1.   Under the Faison test,[I]f a taking or confinement is alleged to have been done to facilitate the commission of another crime, to be kidnapping the resulting movement or confinement:(a) Must not be slight, inconsequential and merely incidental to the other crime;(b) Must not be of the kind inherent in the nature of the other crime;  and(c) Must have some significance independent of the other crime in that it makes the other crime substantially easier of commission or substantially lessens the risk of detection.Faison, 426 So.2d at 965 (quoting State v. Buggs, 219 Kan. 203, 547 P.2d 720, 731 (1976)) (alteration in original).

2.   Convicting the respondent of both robbery and false imprisonment does not violate the Double Jeopardy Clause.   See U.S. Const. amend. V;  art. I, § 9, Fla. Const.  “The Double Jeopardy Clause in both the state and federal constitutions protects criminal defendants from multiple convictions and punishments for the same offense.”  Gordon v. State, 780 So.2d 17, 19 (Fla.2001).   Application of the test announced in Blockburger v. United States, 284 U.S. 299, 52 S.Ct. 180, 76 L.Ed. 306 (1932), codified in section 775.021, reveals that the Double Jeopardy Clause is not violated because the statutory elements of false imprisonment are different from the elements of robbery.   Compare § 787.02, Fla. Stat. (1997), with § 812.13, Fla. Stat. (1997).  False imprisonment is a separate offense from robbery.

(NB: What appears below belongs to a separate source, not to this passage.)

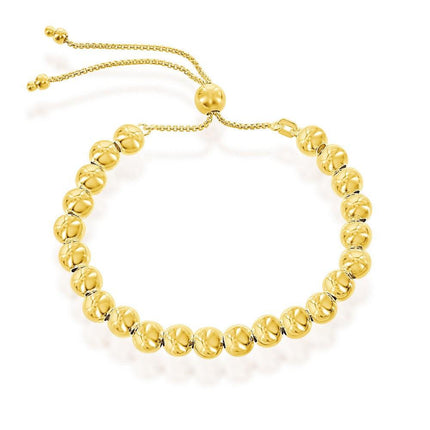 Sterling Silver Gold Plated 6mm Round Beads Bolo Bracelet ,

3.   This Court recognized the difference between the crimes of kidnapping and false imprisonment in State v. Sanborn, 533 So.2d 1169, 1170 (Fla.1988).A comparison of sections 787.01(1)(a) and 787.02(1)(a) reveals they are identical except for the question of intent.   We find the general intent of section 787.02(1)(a) (false imprisonment) is included in the specific intent of section 787.01(1)(a) (kidnapping), consequently false imprisonment is a necessarily lesser included offense.

4.   The parties in Chaeld did not seek review of the district court's decision.

5.   Examination of the standard jury instructions for kidnapping and false imprisonment also supports the conclusion that Faison is only applicable to the offense of kidnapping.   While the instruction for kidnapping requires a Faison instruction when intent to commit or facilitate the commission of a felony is alleged, the instruction for false imprisonment has no comparable language.   Compare Fla. Std. Jury Instr. (Crim.) 9.1 with Fla. Std. Jury Instr. (Crim.) 9.2;  see also Chaeld, 599 So.2d at 1364.

6.   Under Faison,[I]f a taking or confinement is alleged to have been done to facilitate the commission of another crime, to be kidnapping the resulting movement or confinement:(a) Must not be slight, inconsequential and merely incidental to the other crime;(b) Must not be of the kind inherent to the other crime;  and(c) Must have some significance independent of the other crime in that it makes the other crime substantially easier of commission or substantially lessens the risk of detection.Faison v. State, 426 So.2d 963, 965 (Fla.1983);  see Berry v. State, 668 So.2d 967, 969 (Fla.1996).

WELLS, J.

LEWIS and QUINCE, JJ., and HARDING, Senior Justice, concur. PARIENTE, J., dissents with an opinion, in which ANSTEAD, C.J., and SHAW, Senior Justice, concur.